Nancy Whang is a person we think is very cool. She is also a major component in LCD Soundsystem and The Juan MacLean. We also made a film about her, and it’s playing now.

Specifically, we made I Think I’m Here, a short documentary directed by Mattias Evangalista about a specific sliver of Nancy Whang’s life post-Covid and how her life and personal philosophies contrast expectations of what a successful creative person’s life ought to be (the trailer is above, you should watch it). 

The film is making the festival rounds now, but was shot in 2022, and things can change quickly; perspectives evolve, thoughts are challenged, and we thought we should see how Nancy is living her life now, how she feels about the film today, and what things she’d care to share with would-be viewers before going into the theater (I’ll give you a hint: it’s less than you think).

Get tickets to see ‘I Think I’m Here’ at Woodstock Film Festival, here.

Since I’ve met you, you’ve been very enigmatic to me, because I cannot figure out what gets you excited.

Listen man, why do I need to be excited about anything?

What’s Nancy at a ten?

My dog? I’m very excited about my dog. Really, though, what is this value placed on excitement?

That’s fair. I feel like I’m a pretty collected person also, and all of my excitement happens inside, but I do hit a ten. Do you hit a ten?

Sure! I mean I’m not fuckin’ stoic, but you’re asking me about leaving home for three and a half weeks to go work, so am I excited? Is it what I want to do? No, but I’m doing it, and there are things about it that I’m looking forward to. 

I think that it’s hard for people like me who aren’t in a band or an artist to remember that playing is a job.

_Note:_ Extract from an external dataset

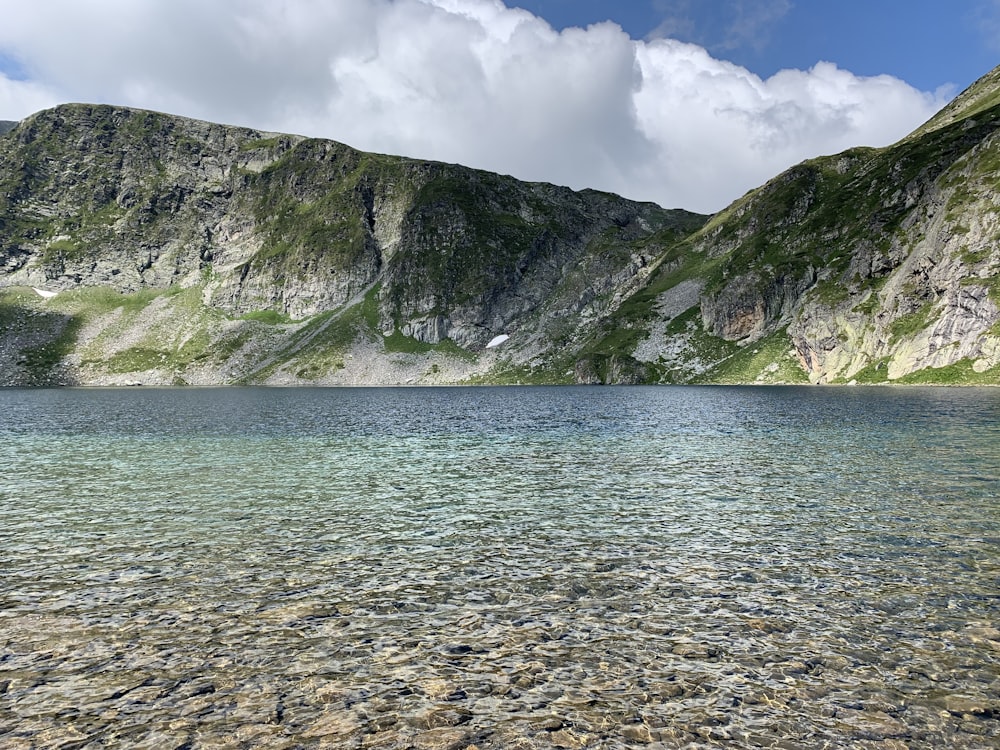 photography of mountain range beside body of water during daytime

I was talking to a friend of ours recently who is in a band, and they’ve been touring a lot lately and are much younger than me. He was talking about being on tour, he’s way more comfortable. He gets excited about being there, it’s where he would rather be, and I remember that state of mind when I was younger and much happier on tour. I was excited to go, it was fun. I got to be with all my friends and go to these places and play shows, meet bands, make friends, you know, whatever. But also, leave my life. Postpone whatever responsibilities that I had and just kind of ignore them - the essential things of life like cleaning your apartment and doing your taxes.

I would be reluctant to come home, sometimes I wouldn’t. There were some times when I lived with roommates where I just couldn't go home, so I’d land and then check into a hotel room for a night before going back to my apartment. Now, though, I like being at home, and I have a life that I like to enjoy.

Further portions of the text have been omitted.